WHAT YOU SHOULD DO
Omit the images. Copy each entry word for word.

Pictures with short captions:
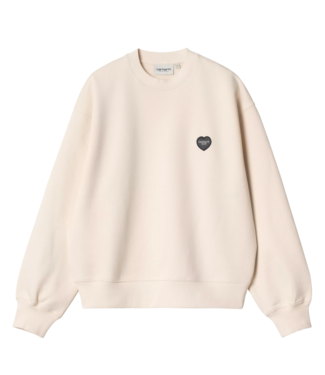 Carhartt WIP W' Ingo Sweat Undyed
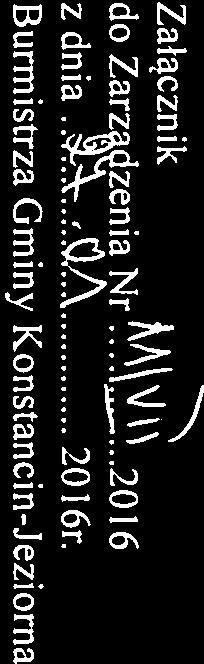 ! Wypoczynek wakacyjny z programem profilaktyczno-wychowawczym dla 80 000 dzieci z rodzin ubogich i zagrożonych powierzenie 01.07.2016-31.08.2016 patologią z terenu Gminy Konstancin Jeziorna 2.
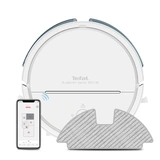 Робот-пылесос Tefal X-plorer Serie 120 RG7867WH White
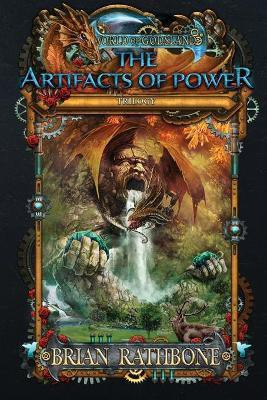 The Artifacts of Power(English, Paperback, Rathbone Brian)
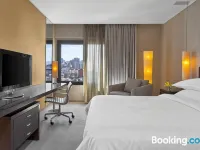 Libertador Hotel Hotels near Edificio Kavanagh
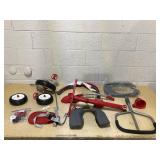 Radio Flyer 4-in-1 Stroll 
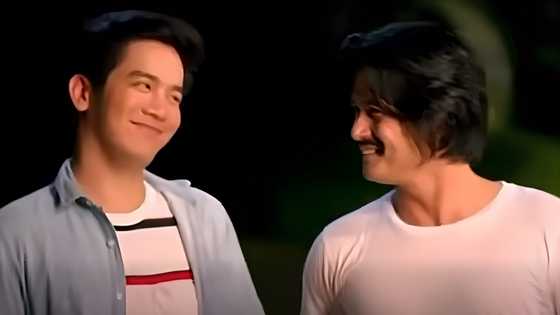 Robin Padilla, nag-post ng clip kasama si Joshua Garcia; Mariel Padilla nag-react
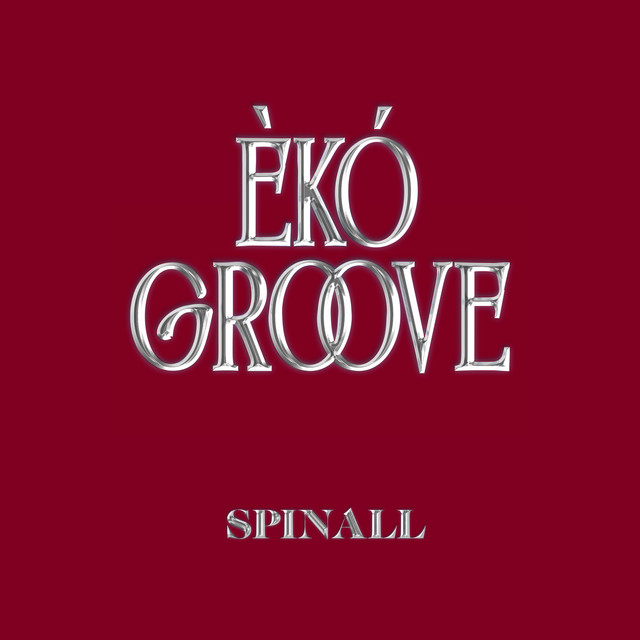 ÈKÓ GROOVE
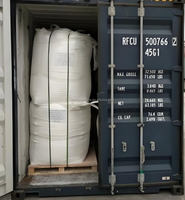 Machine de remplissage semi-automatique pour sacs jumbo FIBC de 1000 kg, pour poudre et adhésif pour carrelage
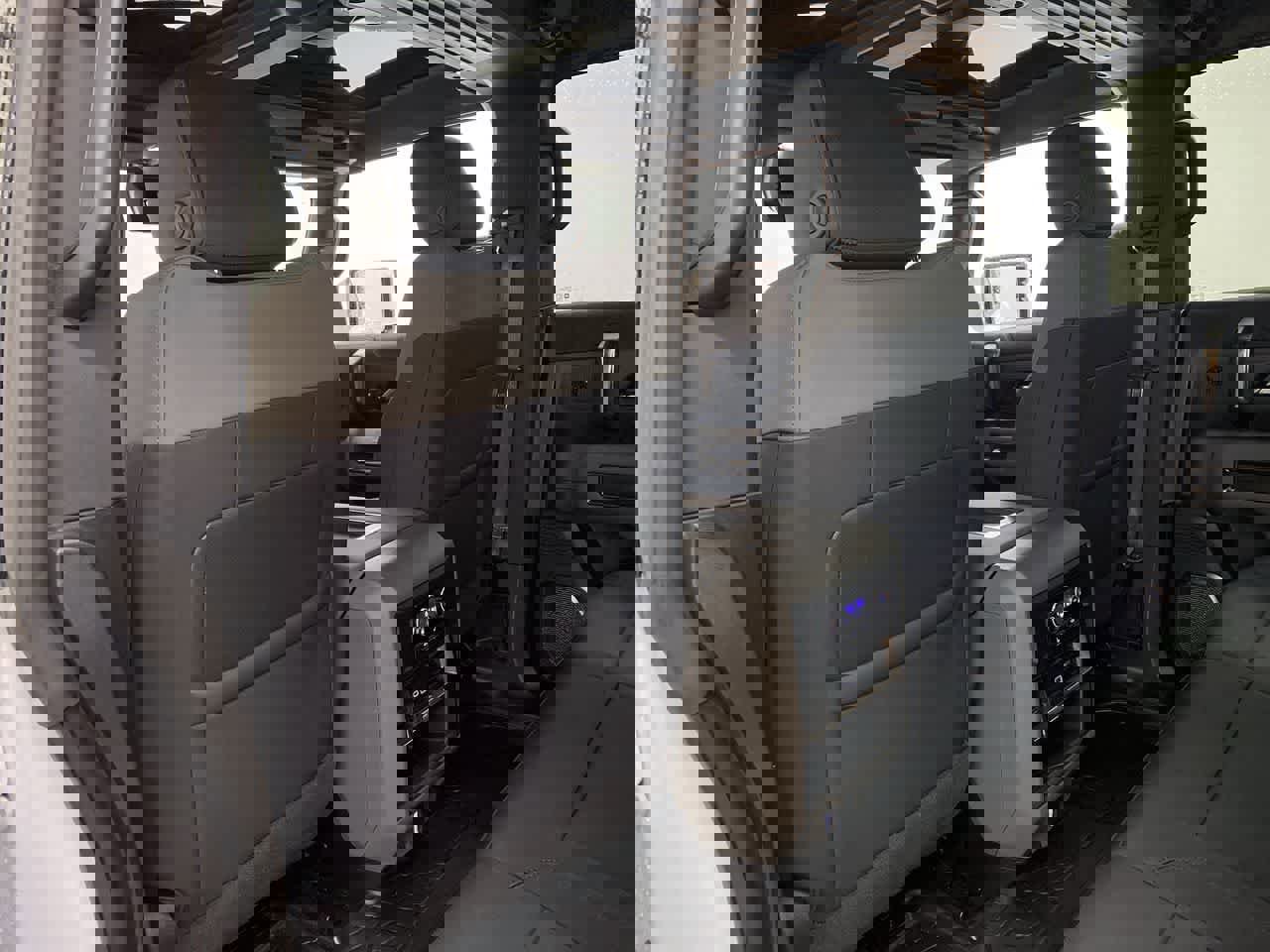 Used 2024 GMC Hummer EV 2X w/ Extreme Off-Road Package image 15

WORKED SOLUTION
 Carhartt WIP W' Ingo Sweat Undyed
 ! Wypoczynek wakacyjny z programem profilaktyczno-wychowawczym dla 80 000 dzieci z rodzin ubogich i zagrożonych powierzenie 01.07.2016-31.08.2016 patologią z terenu Gminy Konstancin Jeziorna 2.
 Робот-пылесос Tefal X-plorer Serie 120 RG7867WH White
 The Artifacts of Power(English, Paperback, Rathbone Brian)
 Libertador Hotel Hotels near Edificio Kavanagh
 Radio Flyer 4-in-1 Stroll 
 Robin Padilla, nag-post ng clip kasama si Joshua Garcia; Mariel Padilla nag-react
 ÈKÓ GROOVE
 Machine de remplissage semi-automatique pour sacs jumbo FIBC de 1000 kg, pour poudre et adhésif pour carrelage
 Used 2024 GMC Hummer EV 2X w/ Extreme Off-Road Package image 15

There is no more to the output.